Custom groovy mapping scripts can be error prone and the DGL's error messages sometimes leave a bit to be desired. The framework provided aims to simplify the loading process by providing a standard framework for all your mapping scripts and minimizing the amount of logic that goes into the mapping scripts.

Use the logger

DGL mapping scripts can use the log4j logger to log messages. This can be very useful when troubleshooting issues in a load, especially issues that only show up at runtime with a particular file.

It also allows you to track when particular loading events occur during execution.

INFO, WARN, and ERROR messages will be logged to logger.log and will include a timestamp.

DGL takes arguments

If you need to pass an argument to the groovy mapper just pass it with - <argname> in the command line.
The variable argname will be available in your mapping script.

For example, ./rundgl passes -inputfilename to DGL here leveraging this feature. You can see the mapping script use it here.

The argument inputfilename is a list of files to process to the DGL. This helps us avoid having to do complex directory traversals in the mapping script itself.

By traversing files in the wrapper script, we are also able to do some bookeeping.

Bookeeping

loadedfiles.txt tracks the start and end of your job as well as the list of files that were loaded and when each particular load completed. This also enables us to "resume" progress by modifying the STARTBUCKET.

STARTBUCKET represents the first bucket that will be processed by ./rundgl, if you stopped your job and want to continue where you left off, count the number of files in loadedfiles.txt and divide by the BUCKETSIZE, this will give you the bucket you were on. Starting from that bucket will ensure you don't miss any files. Since we are working with idempotent graphs, we don't have to worry about duplicates etc.

DGL Vertex Cache Temp Directory

Especially when using EBS, make sure to move the default directory of the DGL Vertex Cache temp directory.

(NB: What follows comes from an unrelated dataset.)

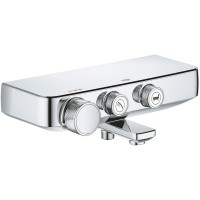 Смеситель для ванны Grohe Grohtherm SmartControl 34718000 с термостатом Хром латунь на стену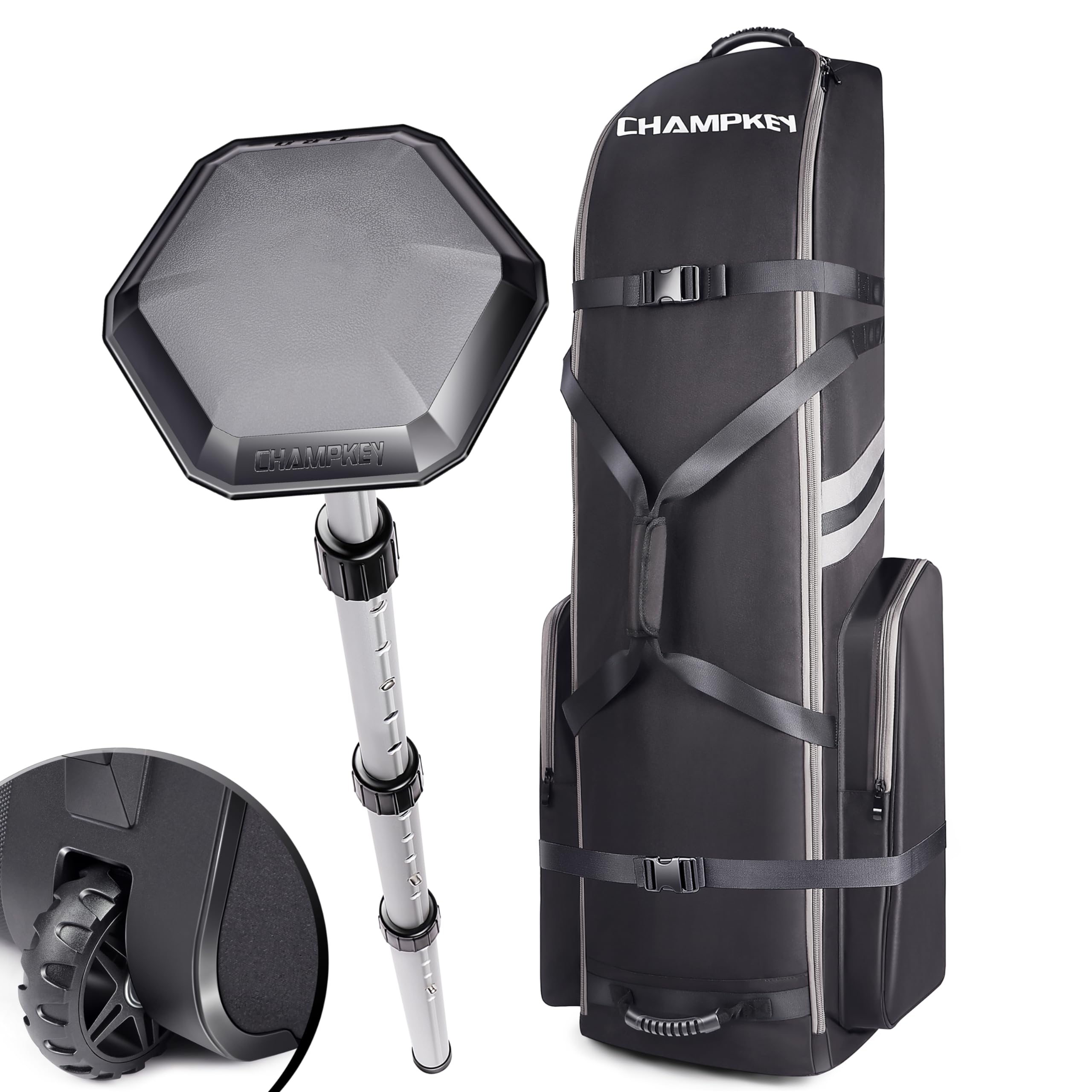 CHAMPKEY 1.0 Golf Travel Bag - 1200D Oxford Fabric with Support Rod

IO contention against the mapdb files used by DGL for its internal vertex cache will overwhelm amazon instances' root EBS partitions

Djava.io.tmpdir=/data/tmp

Leave search for last

If you are working on a graph schema that uses DSE Search indexes, you can optimize for overall load + indexing time by loading the data without the search indexes first and then creating the indexes once the data is in the system.

Some screenshots

Here are some screenshots from a system using this method to load billons of vertices. The spikes are each run of the DGL kicked off in sequence by the rundgl mapping script. You can see the load and performance are steady throughout the load giving us dependable throughput.
Like with other DSE workloads, if you need more speed, scale out!

Throughput:

throughput

OS Load:

osload

Conclusion

With the tooling, code, and tactics in this article you should be ready to load billions of V's, E's, and P's into DSE graph. The ./rundgl repo is there to help with error handling, logging, bookeeping, and file bucketing so that your loading experience is smooth. Enjoy!